» Work to be completed: Copy only the lines from the one containing "Fototapeta premium Group" through the final line of the records below, exactly as written, with no pictures.

» Extracted entries:
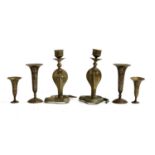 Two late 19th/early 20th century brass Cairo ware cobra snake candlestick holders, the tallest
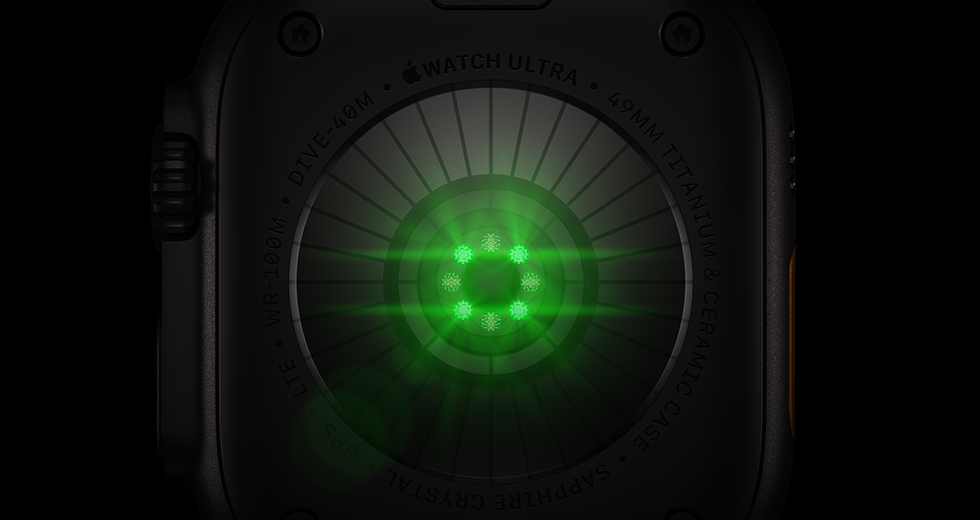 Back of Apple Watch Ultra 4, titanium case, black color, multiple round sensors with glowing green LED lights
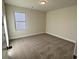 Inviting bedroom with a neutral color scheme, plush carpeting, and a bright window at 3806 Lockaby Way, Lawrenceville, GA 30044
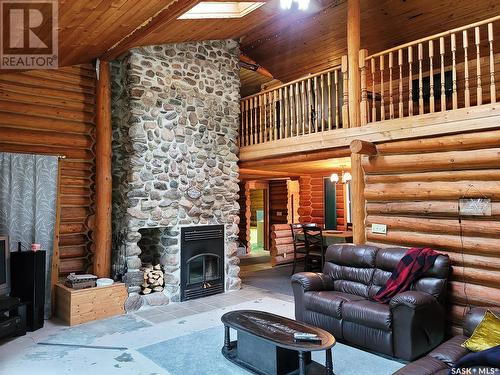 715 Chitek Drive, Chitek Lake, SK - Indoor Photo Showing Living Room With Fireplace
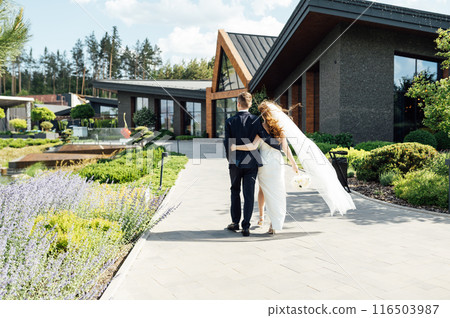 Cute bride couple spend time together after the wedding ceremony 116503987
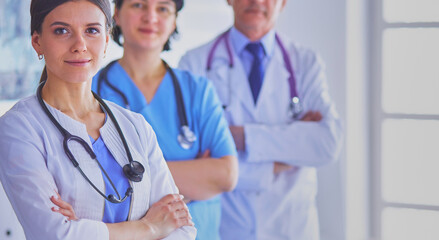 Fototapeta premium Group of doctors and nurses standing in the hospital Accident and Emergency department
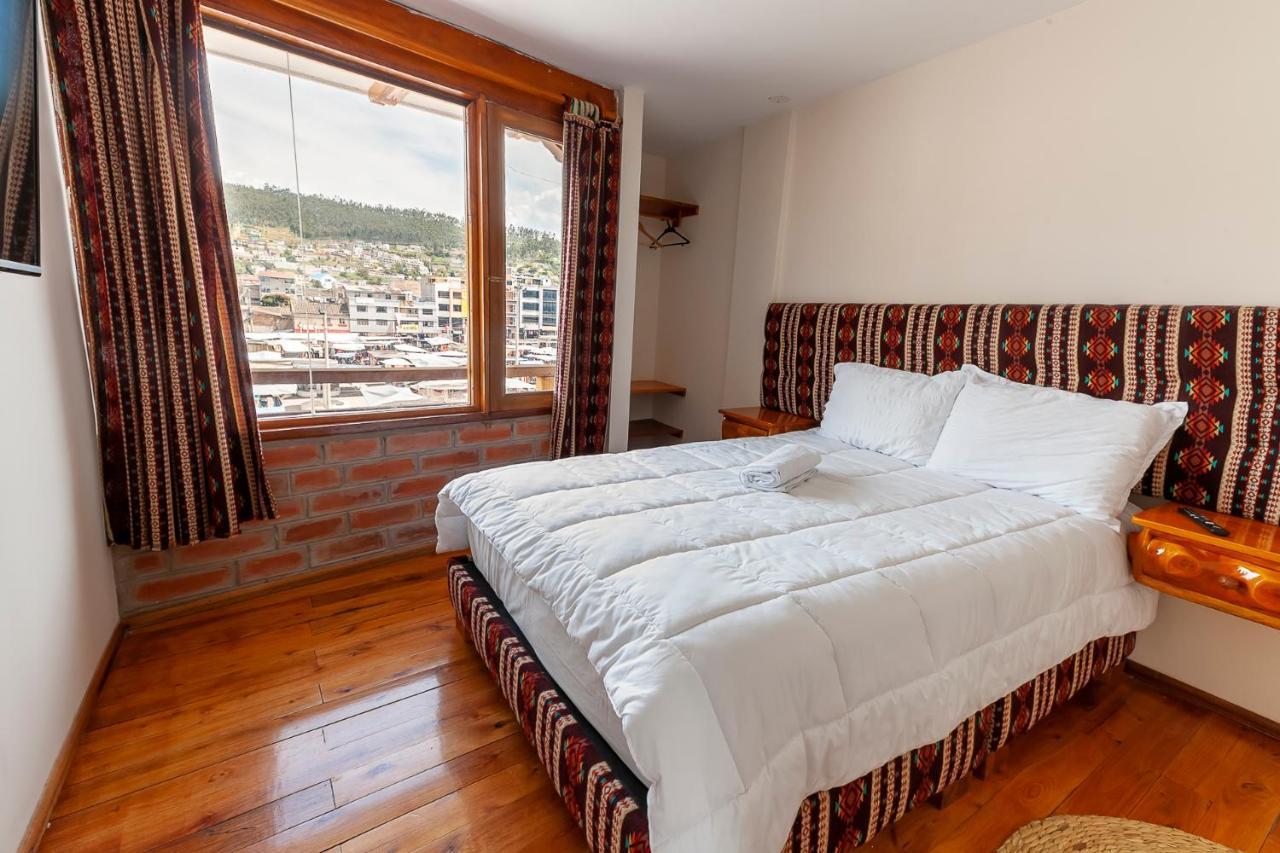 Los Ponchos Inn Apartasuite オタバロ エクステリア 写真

» Solution:
 Fototapeta premium Group of doctors and nurses standing in the hospital Accident and Emergency department
 Los Ponchos Inn Apartasuite オタバロ エクステリア 写真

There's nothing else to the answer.